- Theatrical release poster
- Directed by: Leslie Fenton
- Written by: Jonathan Latimer Liam O'Brien
- Produced by: Irving Asher
- Starring: Rhonda Fleming Glenn Ford Edmond O'Brien
- Cinematography: Daniel Fapp
- Edited by: Arthur P. Schmidt
- Music by: David Buttolph
- Distributed by: Paramount Pictures
- Release dates: March 15, 1951 (Los Angeles); June 5, 1951 (New York);
- Running time: 82 minutes
- Country: United States
- Language: English
- Box office: $1.25 million (U.S. rentals)

= The Redhead and the Cowboy =

1951 film by Leslie Fenton

The Redhead and the Cowboy is a 1951 American Western film directed by Leslie Fenton and starring Glenn Ford and Rhonda Fleming.

== Plot ==
Late in the American Civil War, the New Mexico Territory is full of spies and guerrillas for both sides.

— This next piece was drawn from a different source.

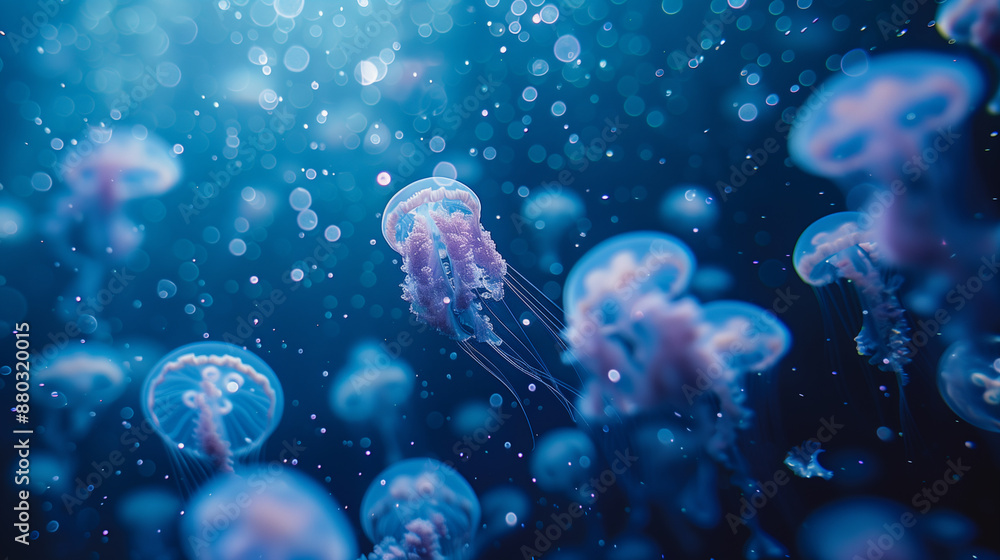 Obraz premium Beautiful jellyfish swimming in the deep sea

Cowboy Gil Kyle, realizing that many of these people are merely criminals out for themselves, tries to steer clear of the conflict but finds violence and hostility. After a brief encounter with a beautiful new saloon girl, he stumbles into a crime scene and becomes a fugitive wanted for murder.

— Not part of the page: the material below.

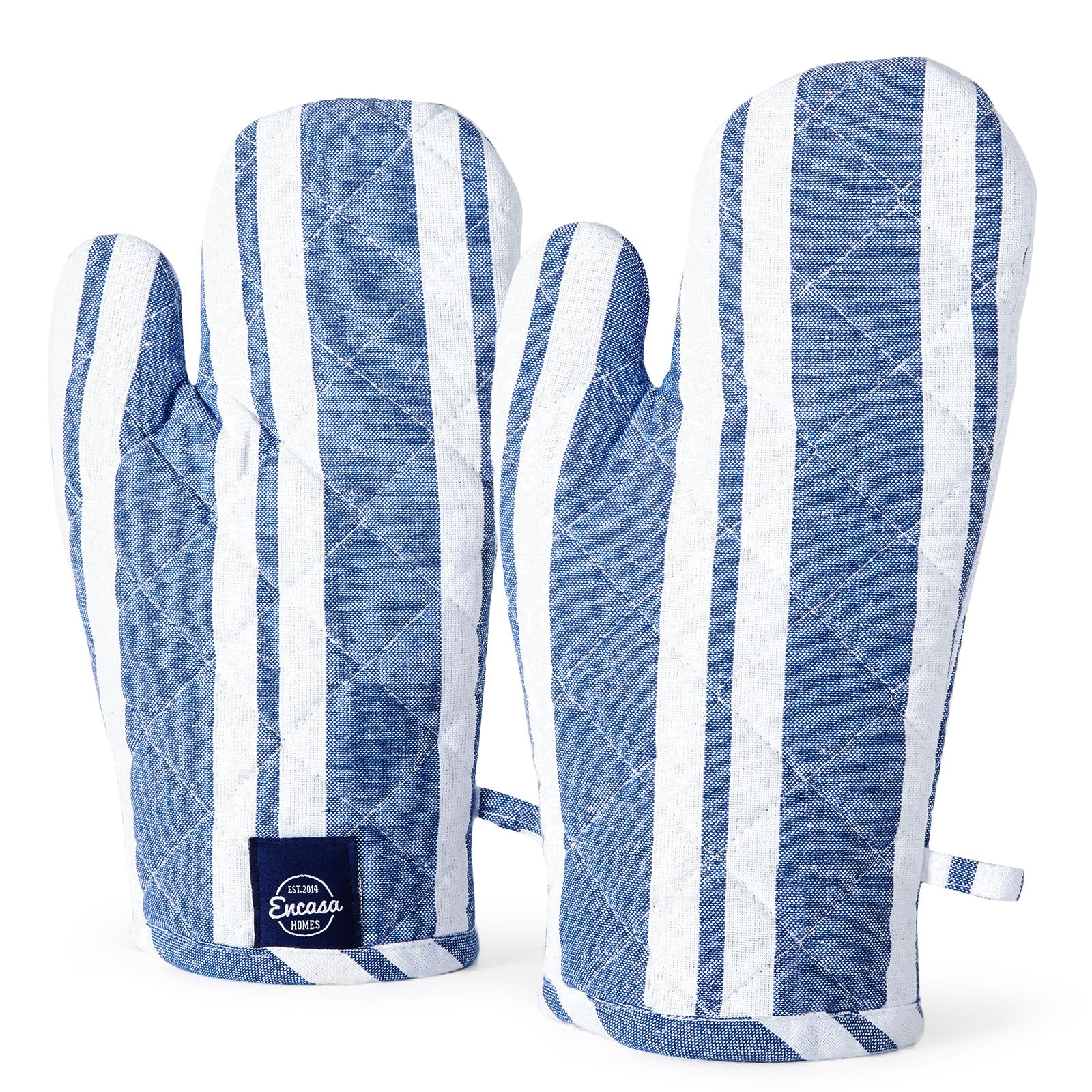 Encasa XO Long 18x30 cm Oven Microwave Hand Gloves Mitts (2 pc set) for Kitchen Cooking & Baking - Heat Resistant, Thick & Safe, Protection of Hands from Hot Utensils, Grill - Franca Blue Stripes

His only alibi is the girl, Candace Bronson, who has disappeared. She is aiding the Confederate cause and has fled to deliver a vital message about a Union gold shipment. Kyle pursues her, and along the way, he encounters desperadoes, government agents, guerrilla fighters and renegades, some of whom have unclear loyalties.

== Cast ==
- Glenn Ford as Gil Kyle
- Edmond O'Brien as Maj. Dunn Jeffers
- Rhonda Fleming as Candace Bronson
- Alan Reed as Col. Lamartine
- Morris Ankrum as the Sheriff
- Edith Evanson as Mrs. Barrett
- Perry Ivins as Mr. Barrett
- Janine Perreau as Mary Barrett
- Douglas Spencer as Perry
- Ray Teal as Brock
- Ralph Byrd as Capt. Andrews
- King Donovan as Munro
- Tom Moore as Gus
- Jeff York as Lt. Wylie (uncredited)
- Emory Parnell as Northern Sympathizer Barfly

== Reception ==
In a contemporary review for The New York Times, critic Bosley Crowther wrote: "'The Redhead and the Cowboy' ... is one that may easily fool you, if you go by the sound of the tag. For that title conveys an expectation of a knockout dude-ranch farce, entangling a chick from the city and a bow-legged lone-prairee boy. Guess again. It's a tight-reined Western spy film, stuffed with murders and mystery, ending up with a wagon-train gun fight, and not bad, as such roughage goes."

Critic Edwin Schallert of the Los Angeles Times wrote: "'The Redhead and the Cowboy' strains at times for action, and is complex almost to the point of being confusing in its plot. But its melodramatic values are of a high grade, and the activities and characterizations that are demanded of its principals will cast no serious shadow over their efforts."